As to some of the reasons why the main library doesn’t do this for you is that he official google cloud hex packages (that I am aware) of are built by some sort of code generator based on API specs. I think it is just a person or two at Google that sponsor those efforts, so I understand why it is as automated as possible. The negative of this is they lack any sort of normal polish or feel like Elixir libraries. As someone who has written a ton of google cloud-related elixir code over the years, I’ve learned to have the Google REST API docs open while trying to decipher these libraries. Much easier than following the long namespaces around in hexdocs. Last point is that all of the google libraries are just hitting these same REST API endpoints (no matter the language).

Also worth just hitting up hex.pm and tossing BigQuery in the search. I know there are a few efforts in various states over the years. Most people I know just end up building a module to clean up the output and reuse it in many projects.

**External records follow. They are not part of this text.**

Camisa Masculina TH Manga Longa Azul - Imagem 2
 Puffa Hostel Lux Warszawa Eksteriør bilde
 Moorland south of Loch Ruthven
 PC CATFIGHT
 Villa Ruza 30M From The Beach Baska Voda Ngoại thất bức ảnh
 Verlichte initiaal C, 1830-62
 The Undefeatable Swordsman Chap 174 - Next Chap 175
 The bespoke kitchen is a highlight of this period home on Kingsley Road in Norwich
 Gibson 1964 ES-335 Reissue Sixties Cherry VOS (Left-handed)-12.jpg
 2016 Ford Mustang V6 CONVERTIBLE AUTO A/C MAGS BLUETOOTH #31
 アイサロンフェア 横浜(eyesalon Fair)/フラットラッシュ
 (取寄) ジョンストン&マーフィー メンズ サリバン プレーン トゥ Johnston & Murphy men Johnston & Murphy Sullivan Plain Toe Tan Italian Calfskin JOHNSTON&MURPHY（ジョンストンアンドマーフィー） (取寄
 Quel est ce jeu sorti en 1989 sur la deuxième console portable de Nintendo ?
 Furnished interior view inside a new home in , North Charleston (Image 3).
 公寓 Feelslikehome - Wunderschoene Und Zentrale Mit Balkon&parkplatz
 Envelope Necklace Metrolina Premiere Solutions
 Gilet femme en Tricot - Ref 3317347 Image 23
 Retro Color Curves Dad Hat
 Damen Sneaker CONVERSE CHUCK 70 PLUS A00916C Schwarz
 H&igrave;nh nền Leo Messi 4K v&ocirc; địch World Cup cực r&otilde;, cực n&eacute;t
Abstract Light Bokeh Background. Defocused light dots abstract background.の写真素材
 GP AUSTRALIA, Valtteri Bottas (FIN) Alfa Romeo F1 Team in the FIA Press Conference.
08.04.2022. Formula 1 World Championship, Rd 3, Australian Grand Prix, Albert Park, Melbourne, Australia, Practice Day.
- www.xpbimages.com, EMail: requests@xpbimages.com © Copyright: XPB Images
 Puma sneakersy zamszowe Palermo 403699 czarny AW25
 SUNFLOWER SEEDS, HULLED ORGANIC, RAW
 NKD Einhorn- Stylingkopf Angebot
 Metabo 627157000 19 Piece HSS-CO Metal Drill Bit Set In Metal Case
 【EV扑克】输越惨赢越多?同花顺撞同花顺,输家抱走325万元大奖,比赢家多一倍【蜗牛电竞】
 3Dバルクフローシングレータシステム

If I have some free cycles next week, I try to revisit this thread out and toss a gist of my variation on this if needed.

1 Like

@zatae After looking more at my earlier response, I realized that the LogFlare stuff I linked to was more related to writing to BQ.

My solution to handling the output from BQ is generally based off the same StackOverflow link you posted.

FWIW, here is a gist of a single module I extracted from some production systems in my world. I did just toss in the handling for “JSON” data types, but didn’t test it. Only requirement outside of the BQ library is jason.

Not suggesting this is any better than the StackOverflow solution, but has a few opinionated things going on to meet my needs.

2 Likes

Thank you very much for all the useful information.

I have the same feeling but it’s true that once you are confortable with reading in-code documentation and Google APIs docs together it feels pretty easy to use their API wrapper.

I will give it a try ! Thanks.

Thank you for your service. This gist has saved me a significant amount of time :smile:

1 Like